There was a time, some ten or fifteen years ago, when the notion of “inner space,” usually associated with the writings of J.G. Ballard, threatened to change the direction of science fiction. The mind, it was suggested, was the genre’s true subject. Down here in the human head, away from the galaxies, was virgin land, Freud’s new frontier. Hamlet would no doubt have been surprised to learn that the mind was a fresh topic for literature, but the arriving slogan did bring an altered emphasis, since, effectively, it entangled certain fading symbolist doctrines with certain strands of contemporary psychology. Verlaine, so to speak, was revisited by R.D. Laing, and “every landscape is a state of mind” became “most states of mind can be depicted as eerie landscapes”: the objective correlative turned to nightmare. Surrealist painting also lurks somewhere in the background here.

Science fiction soon settled back into its old tracks and took to the stars again, but fantasy and dream, long outlawed by the more earnest practitioners, had found their way back into the form—at least in some of their more clinical aspects. The word terminal, for example, echoes mournfully through Ballard’s stories and novels. Visions of endings are everywhere: a world winding down, its inhabitants dropping off one by one into a collective final sleep; an all but abandoned earth, its oceans bleached dry, its surface a desert of sand and salt; a group of dead astronauts circling the planet like satellites, doomed to orbit for decades until their capsules cave in; Eniwetok, a cluster of disused concrete bunkers and runways and weapons ranges, littered with broken B-29s and Superfortresses, natural home of a missed apocalypse, “an ontological Garden of Eden,” as one of Ballard’s characters ironically says.

It is difficult, in these scenes, to separate the private terror from the public possibility, the personal nightmare from the nightmares of history.
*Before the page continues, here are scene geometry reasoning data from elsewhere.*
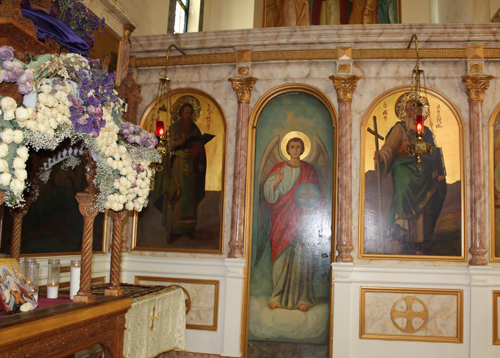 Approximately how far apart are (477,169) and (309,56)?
8.92 feet

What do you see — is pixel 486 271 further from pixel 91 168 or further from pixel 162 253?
pixel 91 168

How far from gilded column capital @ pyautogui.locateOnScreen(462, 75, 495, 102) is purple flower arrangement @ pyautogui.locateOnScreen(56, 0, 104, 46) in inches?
188

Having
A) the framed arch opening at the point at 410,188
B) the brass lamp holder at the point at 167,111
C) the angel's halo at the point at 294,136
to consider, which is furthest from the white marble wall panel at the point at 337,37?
the angel's halo at the point at 294,136

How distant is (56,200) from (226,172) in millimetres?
2283

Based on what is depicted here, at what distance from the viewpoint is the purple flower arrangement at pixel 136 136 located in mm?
3633

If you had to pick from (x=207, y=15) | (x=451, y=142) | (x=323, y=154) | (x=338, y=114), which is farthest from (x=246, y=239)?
(x=207, y=15)

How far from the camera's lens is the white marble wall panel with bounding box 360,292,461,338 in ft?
18.5

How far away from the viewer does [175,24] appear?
8.55 meters

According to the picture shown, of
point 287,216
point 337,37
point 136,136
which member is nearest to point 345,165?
point 287,216

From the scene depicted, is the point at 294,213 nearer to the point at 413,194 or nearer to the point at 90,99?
the point at 413,194

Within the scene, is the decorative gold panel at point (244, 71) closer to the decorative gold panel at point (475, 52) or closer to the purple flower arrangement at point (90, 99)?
the decorative gold panel at point (475, 52)

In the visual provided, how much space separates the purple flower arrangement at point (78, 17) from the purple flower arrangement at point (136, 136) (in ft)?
2.62

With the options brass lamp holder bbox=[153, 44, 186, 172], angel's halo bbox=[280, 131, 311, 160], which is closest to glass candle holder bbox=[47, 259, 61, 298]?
brass lamp holder bbox=[153, 44, 186, 172]

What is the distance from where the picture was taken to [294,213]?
6.20m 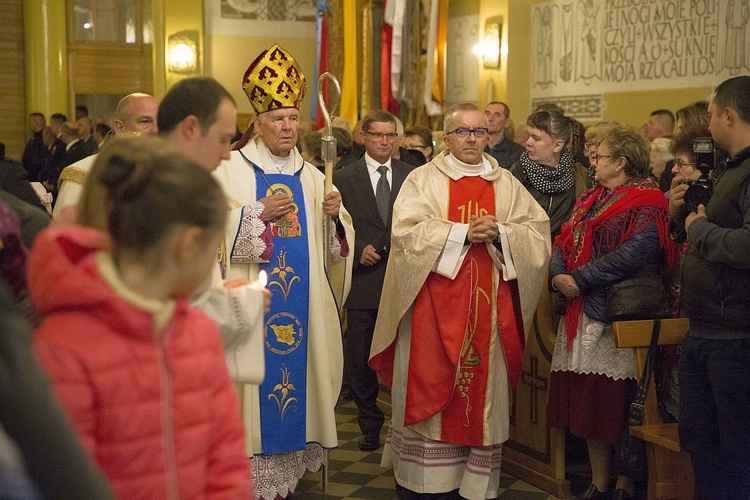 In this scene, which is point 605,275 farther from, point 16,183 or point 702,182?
point 16,183

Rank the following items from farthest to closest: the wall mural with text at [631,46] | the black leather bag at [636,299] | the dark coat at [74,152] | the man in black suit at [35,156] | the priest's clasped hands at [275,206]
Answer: the man in black suit at [35,156] → the dark coat at [74,152] → the wall mural with text at [631,46] → the black leather bag at [636,299] → the priest's clasped hands at [275,206]

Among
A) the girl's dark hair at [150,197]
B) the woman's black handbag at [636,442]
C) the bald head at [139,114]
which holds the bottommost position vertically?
the woman's black handbag at [636,442]

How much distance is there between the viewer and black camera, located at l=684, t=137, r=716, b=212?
394cm

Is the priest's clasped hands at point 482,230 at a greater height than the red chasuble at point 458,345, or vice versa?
the priest's clasped hands at point 482,230

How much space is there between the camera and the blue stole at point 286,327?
182 inches

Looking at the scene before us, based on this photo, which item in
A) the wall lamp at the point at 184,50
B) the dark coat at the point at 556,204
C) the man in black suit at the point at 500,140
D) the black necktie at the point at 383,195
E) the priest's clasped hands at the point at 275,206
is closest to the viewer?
the priest's clasped hands at the point at 275,206

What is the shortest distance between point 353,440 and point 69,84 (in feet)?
38.6

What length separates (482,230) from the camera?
460 cm

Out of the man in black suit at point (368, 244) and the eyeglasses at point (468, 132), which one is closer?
the eyeglasses at point (468, 132)

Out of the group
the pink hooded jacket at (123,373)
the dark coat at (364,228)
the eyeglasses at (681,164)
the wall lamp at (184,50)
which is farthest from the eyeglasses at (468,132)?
the wall lamp at (184,50)

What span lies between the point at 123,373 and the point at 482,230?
9.78 ft

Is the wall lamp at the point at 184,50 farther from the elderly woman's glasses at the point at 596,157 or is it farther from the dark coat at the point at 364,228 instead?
the elderly woman's glasses at the point at 596,157

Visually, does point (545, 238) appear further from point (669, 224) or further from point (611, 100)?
point (611, 100)

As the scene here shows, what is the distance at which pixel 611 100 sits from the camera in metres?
9.75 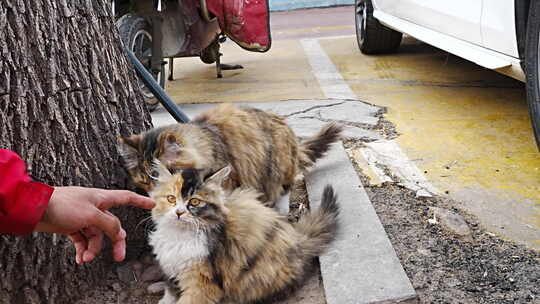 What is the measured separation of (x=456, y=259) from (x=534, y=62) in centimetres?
120

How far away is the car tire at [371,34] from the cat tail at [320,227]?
4.74 metres

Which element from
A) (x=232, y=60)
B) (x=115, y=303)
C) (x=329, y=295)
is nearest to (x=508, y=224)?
(x=329, y=295)

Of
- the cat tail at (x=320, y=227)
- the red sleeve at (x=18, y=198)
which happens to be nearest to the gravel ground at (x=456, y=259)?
the cat tail at (x=320, y=227)

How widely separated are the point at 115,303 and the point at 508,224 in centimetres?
180

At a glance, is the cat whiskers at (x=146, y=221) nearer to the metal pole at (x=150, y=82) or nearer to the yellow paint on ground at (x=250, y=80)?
the metal pole at (x=150, y=82)

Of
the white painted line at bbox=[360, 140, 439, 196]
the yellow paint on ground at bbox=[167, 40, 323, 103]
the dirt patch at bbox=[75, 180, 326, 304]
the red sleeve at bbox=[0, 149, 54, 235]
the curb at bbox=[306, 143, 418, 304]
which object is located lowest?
the yellow paint on ground at bbox=[167, 40, 323, 103]

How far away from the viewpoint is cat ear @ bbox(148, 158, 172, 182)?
98.7 inches

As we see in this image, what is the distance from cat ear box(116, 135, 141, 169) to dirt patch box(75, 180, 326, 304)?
0.35m

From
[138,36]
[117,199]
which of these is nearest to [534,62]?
[117,199]

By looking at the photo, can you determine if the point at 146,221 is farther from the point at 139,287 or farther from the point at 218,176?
the point at 218,176

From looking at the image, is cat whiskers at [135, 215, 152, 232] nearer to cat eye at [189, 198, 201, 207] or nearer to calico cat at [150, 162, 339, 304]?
calico cat at [150, 162, 339, 304]

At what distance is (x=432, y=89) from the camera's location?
5805 millimetres

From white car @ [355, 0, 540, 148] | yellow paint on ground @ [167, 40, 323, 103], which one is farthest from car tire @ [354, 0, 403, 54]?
white car @ [355, 0, 540, 148]

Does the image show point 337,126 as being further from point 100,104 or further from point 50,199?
point 50,199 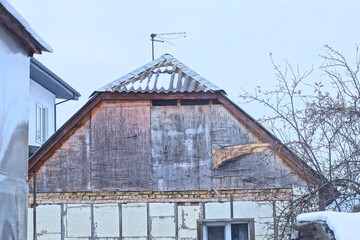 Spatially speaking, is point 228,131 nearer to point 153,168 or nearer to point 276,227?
point 153,168

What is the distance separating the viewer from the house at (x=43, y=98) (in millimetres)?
16500

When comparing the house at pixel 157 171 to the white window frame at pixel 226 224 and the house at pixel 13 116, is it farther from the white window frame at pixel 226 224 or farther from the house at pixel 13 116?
the house at pixel 13 116

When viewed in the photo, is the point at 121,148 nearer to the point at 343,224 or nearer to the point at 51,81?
the point at 51,81

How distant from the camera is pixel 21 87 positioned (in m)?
7.70

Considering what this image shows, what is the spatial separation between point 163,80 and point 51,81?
17.0 feet

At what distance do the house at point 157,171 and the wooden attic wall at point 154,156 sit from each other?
2 centimetres

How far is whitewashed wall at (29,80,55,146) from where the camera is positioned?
55.0 ft

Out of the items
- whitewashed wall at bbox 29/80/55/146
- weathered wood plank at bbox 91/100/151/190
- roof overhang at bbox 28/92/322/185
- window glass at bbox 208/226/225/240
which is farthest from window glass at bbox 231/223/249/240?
whitewashed wall at bbox 29/80/55/146

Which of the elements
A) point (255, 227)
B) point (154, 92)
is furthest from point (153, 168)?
point (255, 227)

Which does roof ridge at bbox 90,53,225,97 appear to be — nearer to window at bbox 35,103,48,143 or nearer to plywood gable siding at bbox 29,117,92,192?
plywood gable siding at bbox 29,117,92,192

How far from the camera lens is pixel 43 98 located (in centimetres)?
1800

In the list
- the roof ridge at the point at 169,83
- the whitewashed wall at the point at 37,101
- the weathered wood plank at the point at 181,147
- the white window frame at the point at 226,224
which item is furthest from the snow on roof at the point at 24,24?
the whitewashed wall at the point at 37,101

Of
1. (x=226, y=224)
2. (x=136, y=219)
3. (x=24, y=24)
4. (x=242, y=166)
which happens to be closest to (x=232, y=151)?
(x=242, y=166)

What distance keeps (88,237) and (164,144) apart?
230 centimetres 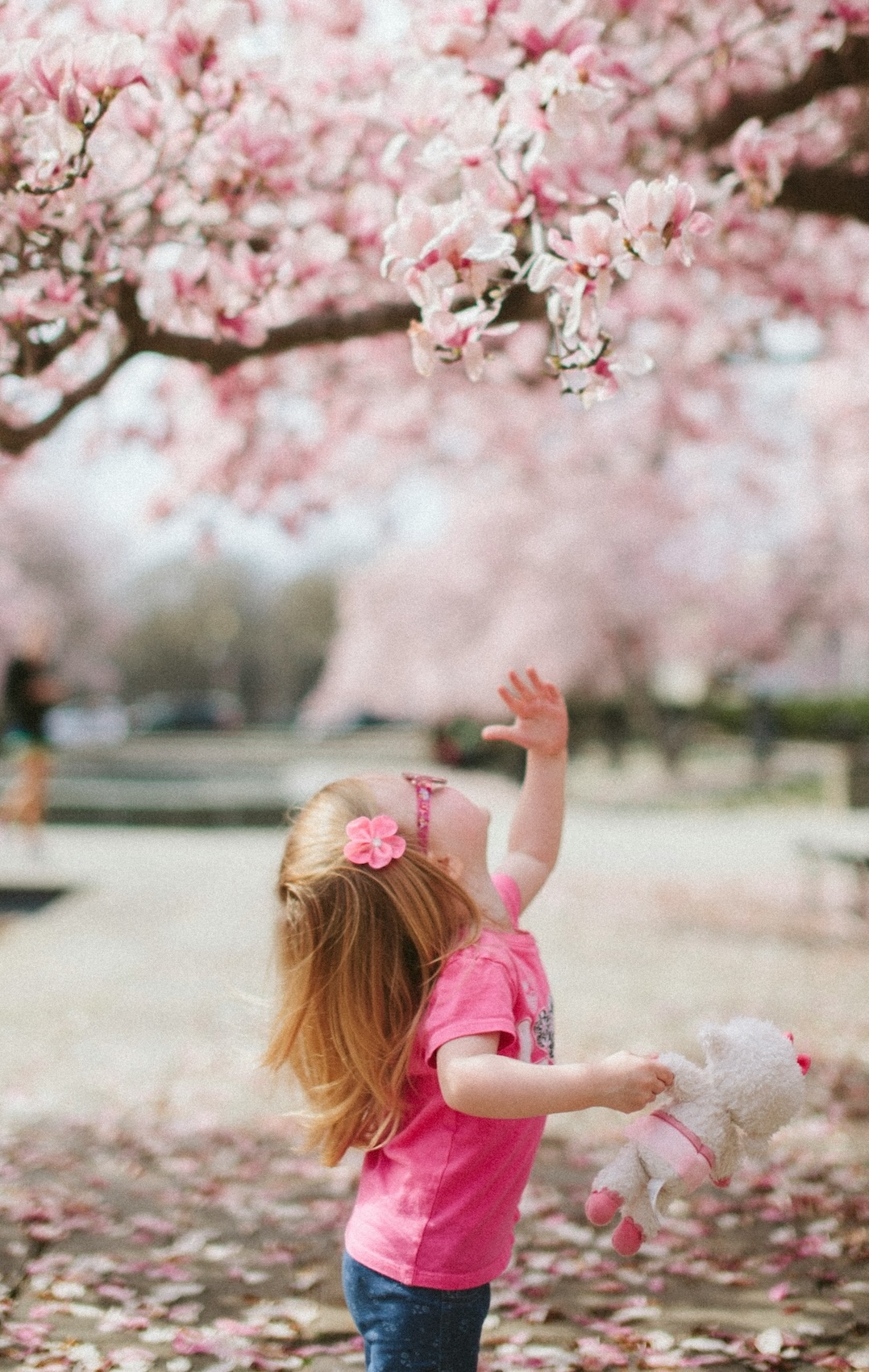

In all the stories the stress clearly falls on the mental conditions being shown, the inner spaces of psychosis and the approaches to psychosis. The historical places and imaginable historical disasters are figures; they are shapes and traces the psyche has found for the making of its own portrait. “This island is a state of mind,” a character says of Eniwetok, unconsciously (or perhaps even consciously) paraphrasing Verlaine. “The psychotic never escapes from anything,” a doctor says in another story. “He merely adjusts reality to suit himself. Quite a trick to learn, too.” And yet another character thinks, “If primitive man felt the need to assimilate events in the external world to his own psyche, twentieth-century man had reversed this process….”

But however much these stories point us toward the adjusting, projecting mind, the fact remains that our own history has provided all the adjusted material, has set the scene for every projection. It is the literal content of all these disturbed and disturbing metaphors. And indeed history skulks inside even the most insulated mind, infecting every privacy with its preferred varieties of madness; just as a number of famous private madnesses, loosed upon the world, have made up a good deal of modern history. In this context fantasy scarcely seems a mental or optional affair at all, since some of our worst dreams are identical with our worst realities.

The Best Short Stories of J.G. Ballard has a brief and handsome introduction by Anthony Burgess, and collects nineteeen stories, chosen by Ballard himself, and written over a period of twenty years or so. Ballard is a master of conventional science fiction, and shares its cherished worries about crowded city life, the domination of time, the encroachments of technology, and the ravening consumer society. Concentration City, in the story of that name, is an infinite cube of streets and avenues, an endless set of Manhattans piled up on top of and alongside each other—“The Gregsons lived up in the West millions on 985th Avenue….” In another story the city is so packed that there are pedestrian jams that sometimes last for days, and everyone lives cramped in tiny cubicles.

In “Chronopolis” the Time Police pursue everyone who is in possession of a watch or clock, because time was once so fiercely organized that programmers became the real rulers of the country. Three families, in “Thirteen for Centaurus,” are locked in a space ship for several lifetimes. Only the fourth generation will see the end of the voyage. It then turns out that even this dim prospect is an illusion, since the space ship is still firmly planted on earth, and the whole simulated trip is a heavily funded and now regretted experiment set up by the Space Department. The families cannot be brought out because no one believes they can be trained to live in the world again. In “The Subliminal Man” a society is saturated with consumer goods it cannot want or refuse. There are four television channels, but only the commercials are different. Telephone calls are free but are interrupted by commercial breaks which get longer as the distance of the call increases—“for long distance calls the ratio of commercial to conversation was as high as 10:1.”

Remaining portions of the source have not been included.